** Opening GIVEN DATA block **

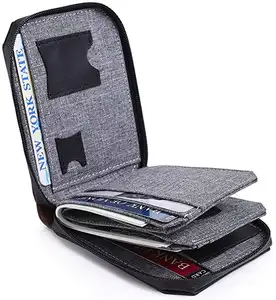 RFID 를 차단 Genuine Leather Zipper 약 물 저항하는 Wallet Card Holder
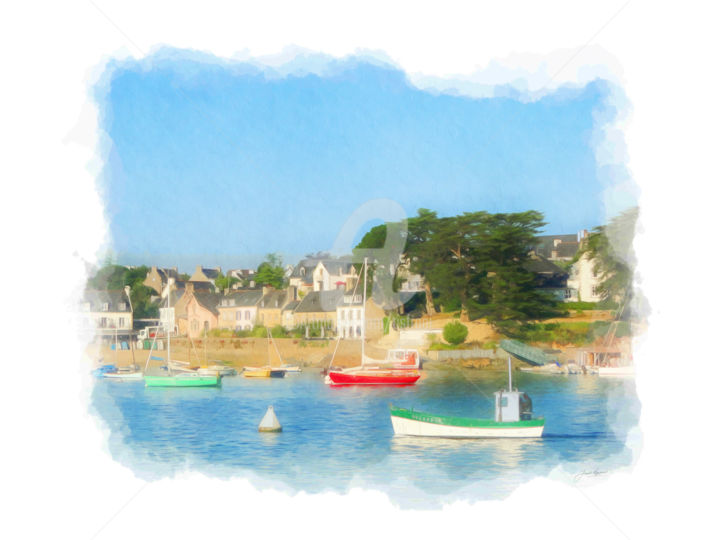 Painting titled "Benodet et Port Sai…" by Joost Hogervorst, Original Artwork, Watercolor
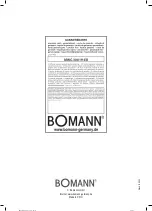 Preview for 62 page of BOMANN MWG 3001 H EB Instruction Manual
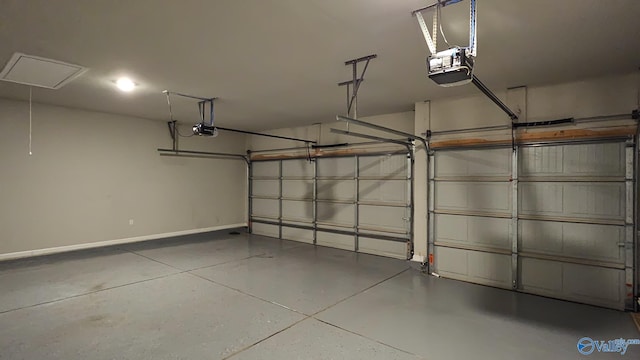 garage featuring a garage door opener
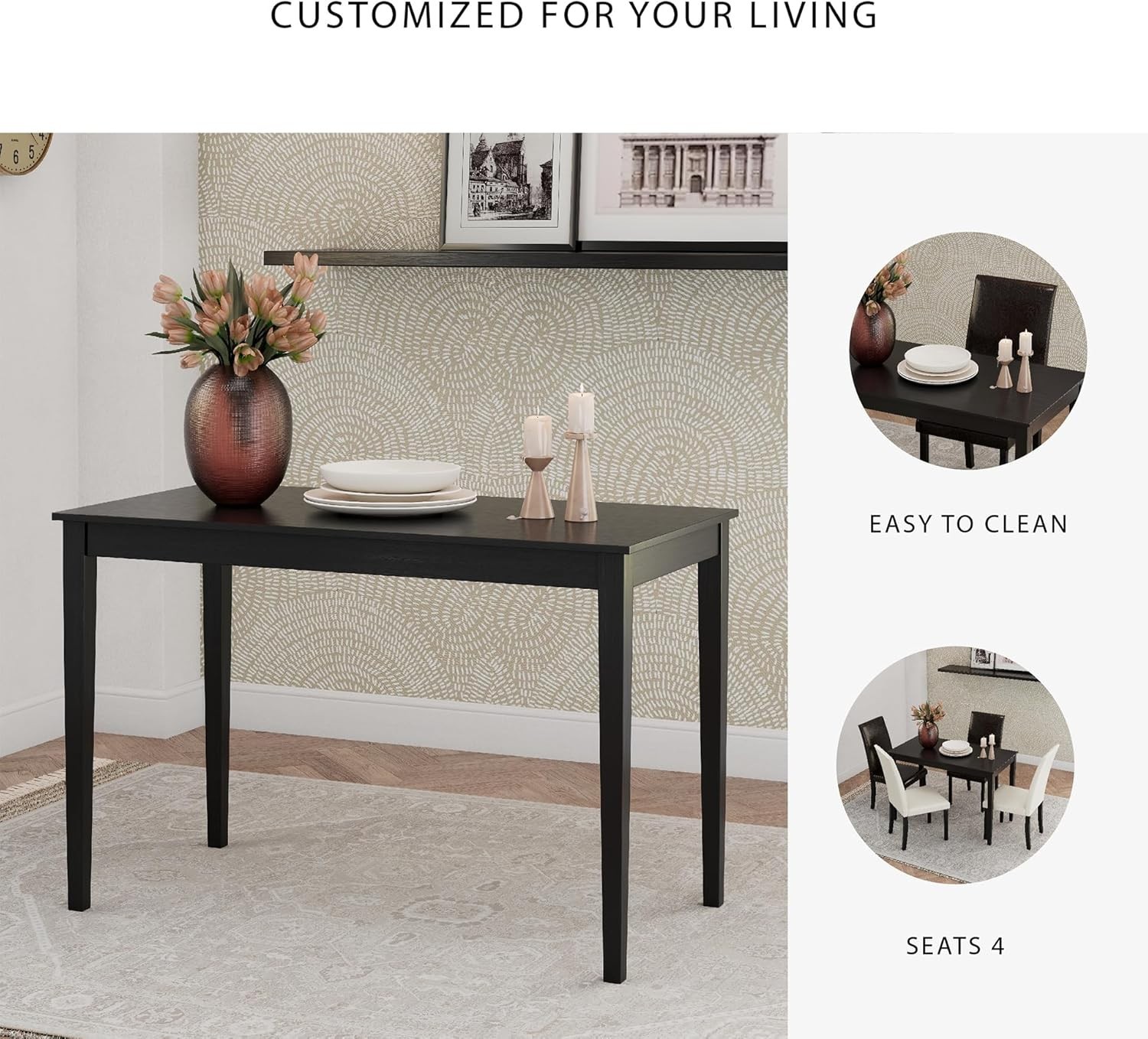 Indoor Rectangular Dining Table with Assembly Tools Included, No Tools Needed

** Closing GIVEN DATA block **

> [WORK TO COMPLETE]:
Please print the line that contains "Original Artwork, Watercolor" along with every later line of the material, exactly, through the last one. Leave pictures out of the copy.

> [PROBLEM SOLUTION]:
 Painting titled "Benodet et Port Sai…" by Joost Hogervorst, Original Artwork, Watercolor
 Preview for 62 page of BOMANN MWG 3001 H EB Instruction Manual
 garage featuring a garage door opener
 Indoor Rectangular Dining Table with Assembly Tools Included, No Tools Needed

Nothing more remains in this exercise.